The Ithacan Online.
Volume 73, Issue 9 October 27, 2005
News Story
Smoking ban set for next fall
No butts about it — beginning next fall, students won’t be allowed to smoke in any on-campus residence halls.
Currently, 13 out of the 26 residence halls on campus permit smoking inside rooms. Another 25 buildings, Garden and Circle Apartments also allow smoking indoors.
“We’ve been moving in this direction for quite some time,” said Bonnie Prunty, director of the Office of Residential Life and Judicial Affairs. “For several years, we’ve been increasing the number of non-smoking dorms due to parent and student complaints about second-hand smoke.”
This all-inclusive policy for the college is a drastic change from four years ago. As recently as 2001, the college had smoke-free housing options available for only 58 students, according to an article in The Ithacan.
A 2001 study by the Harvard School of Public Health found that 27 percent of college campuses have banned smoking in residence halls nationwide.
Prunty, who announced the change on Wednesday to the Residence Hall Association, said a loophole in New York state’s Clean Air Act allows residence halls to be smoking-optional, even though they are public buildings.

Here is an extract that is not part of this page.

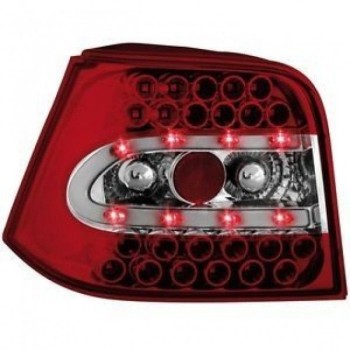 Πίσω φανάρια led για Vw Golf IV - κόκκινα - σετ 2τμχ.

However, there is pending legislation in the New York state Assembly and Senate that may amend this law to include residence halls, giving another reason for the college to make the change, Prunty said.

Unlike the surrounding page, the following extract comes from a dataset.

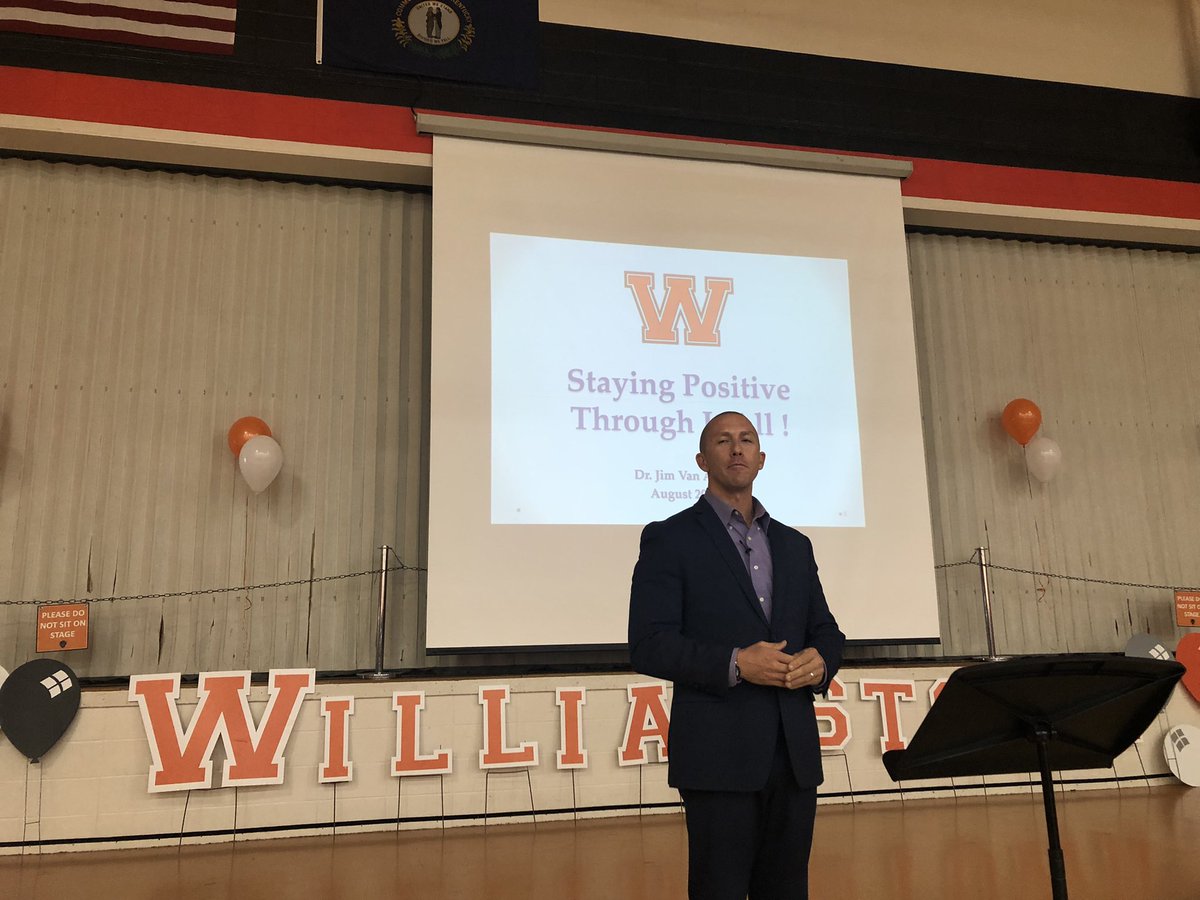 Special thanks to <a href="/JimVanAllan/">Dr. Jim Van Allan</a> for an inspiring morning <a href="/WtownInd/">Wtown Ind Schools</a>   Bring on the 21-22 school year!  We are ready to SHINE and super ready to serve our students!!  It’s going to be a great year!!!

Prunty said fires are one consequence of smoking in residence halls. She cited a fire in Emerson Hall last year caused by an improperly extinguished cigarette as an example. She added that rooms inhabited by smokers are harder to refurbish — the residue and the smell are difficult to remove. But Prunty said the health of all students was the real reason motivating the change.
“At this point, in order to support [smokers’] interests in the buildings, it negatively affects other people who it also poses a health risk to,” Prunty said.
She said narcotics enforcement was not a factor in the decision. “Certainly, if marijuana use goes down in our residence halls, that will be a positive benefit, but it’s not motivating the change,” she said. “Marijuana smokers are already violating policy.”
Junior Alexander Moore, president of the Residence Hall Association, said the decision to move to a smoke-free campus had been coming for a while but may have ignored smokers’ voices.
“We have to realize that smokers are people too,” he said. “I don’t think smokers should be pushed out of buildings, and I think the college should make it possible to have their voices heard.”
Freshman Rhea Hanrahan lives in Hood Hall, the substance-free dorm. She said she couldn’t stand the smell of smoke.
“I’m not entirely against having smoking dorms, but I know that there are some people who live in [smoking dorms] and don’t have a choice,” she said. “I’d be upset if I was forced to live in a smoking dorm, and I had put down on my application that I didn’t want to.”